Since you plan to apply carbon dating, I assume you are dealing with rather unconsolidated sediments that you can wash and sieve with distilled (or tap) water. If the washed residue is not loaded with organic debris - foram residues rarely are - the specimens can be easily picked. One simple rule: avoid chemicals in the processing when there is no real need for using them. For the disintegration of shales and marls we generally use a simple soda solution, but for unconsolidated clays tap water is mostly sufficient.
Never use diluted hydrogenperoxide (H2O2) for processing organic-rich and pyrite-rich sediments as sulfuric acid will be formed. This will partially dissolve and probably to some extent leach the tests. See also the paper by Kennedy & Coe (2014 - Journal of Micropalaeontology) on this problem.
May I suggest you to contact my erstwhile student Dr. Amit K. Ghosh of Birbal Sahni Institute of Palaeobotany, Lucknow who has been working in this field for many years. Amit may guide you in right way. You may contact him in his e.mail ([email protected]/ [email protected]) citing my reference.
Thank you all for your suggestions. I read paper by Kennedy & Coe (2014 - Journal of Micropalaeontology) and by rosenthal,Chapter Washing and Sieving Techniques Used in Micropalaeontology
I found out that oxidative cleaning can change the Mg/Ca ratio.
If you want to separate for C14 dating, isotopes and elemental ratios, then the most reliable method is to pick individual clean and intact specimen. Since, broken shells may give you biased results due to contamination.

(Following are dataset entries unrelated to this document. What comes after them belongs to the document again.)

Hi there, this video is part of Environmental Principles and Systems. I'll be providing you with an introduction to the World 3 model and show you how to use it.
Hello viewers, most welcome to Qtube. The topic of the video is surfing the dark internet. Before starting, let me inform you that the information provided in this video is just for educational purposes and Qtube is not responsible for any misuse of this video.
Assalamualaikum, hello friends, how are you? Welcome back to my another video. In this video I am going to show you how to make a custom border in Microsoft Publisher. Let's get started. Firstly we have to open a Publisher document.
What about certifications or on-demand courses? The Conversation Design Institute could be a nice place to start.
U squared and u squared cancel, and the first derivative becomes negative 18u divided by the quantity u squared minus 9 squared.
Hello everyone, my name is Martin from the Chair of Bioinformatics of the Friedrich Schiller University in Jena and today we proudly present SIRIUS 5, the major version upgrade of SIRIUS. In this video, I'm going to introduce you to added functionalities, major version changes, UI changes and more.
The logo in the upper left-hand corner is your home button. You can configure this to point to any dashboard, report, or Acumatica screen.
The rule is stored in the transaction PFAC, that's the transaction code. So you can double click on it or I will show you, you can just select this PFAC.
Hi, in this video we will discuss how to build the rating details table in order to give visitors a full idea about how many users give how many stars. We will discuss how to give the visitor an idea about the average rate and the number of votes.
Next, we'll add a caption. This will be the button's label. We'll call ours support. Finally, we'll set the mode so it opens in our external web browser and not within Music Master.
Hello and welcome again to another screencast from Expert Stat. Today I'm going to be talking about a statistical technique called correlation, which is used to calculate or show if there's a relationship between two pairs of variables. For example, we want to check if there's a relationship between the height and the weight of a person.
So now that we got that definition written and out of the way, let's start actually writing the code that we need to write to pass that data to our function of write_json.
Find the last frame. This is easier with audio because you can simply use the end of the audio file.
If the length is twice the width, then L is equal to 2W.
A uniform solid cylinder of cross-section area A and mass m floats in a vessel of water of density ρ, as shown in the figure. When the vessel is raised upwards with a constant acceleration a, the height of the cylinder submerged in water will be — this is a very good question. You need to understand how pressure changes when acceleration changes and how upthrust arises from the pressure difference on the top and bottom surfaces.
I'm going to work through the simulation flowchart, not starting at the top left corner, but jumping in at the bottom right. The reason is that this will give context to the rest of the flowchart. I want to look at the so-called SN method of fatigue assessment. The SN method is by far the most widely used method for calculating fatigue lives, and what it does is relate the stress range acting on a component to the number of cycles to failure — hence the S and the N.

You may use Colgan or Sodium hexameta phosphate (10% solution) for organic removal as well as H2O2 (5% solution) treatment can also be done for clay removal. But make sure not to leave sediment the chemicals in your sample for longer time, it may harm the foraminiferal shells. For the detailed foraminiferal processing, you may refer my Palaeo3 paper (2017).
In the Mg/Ca methodology, reductive cleaning may change the shell chemistry. You may also refer to Yu et al., 2007 paper for that.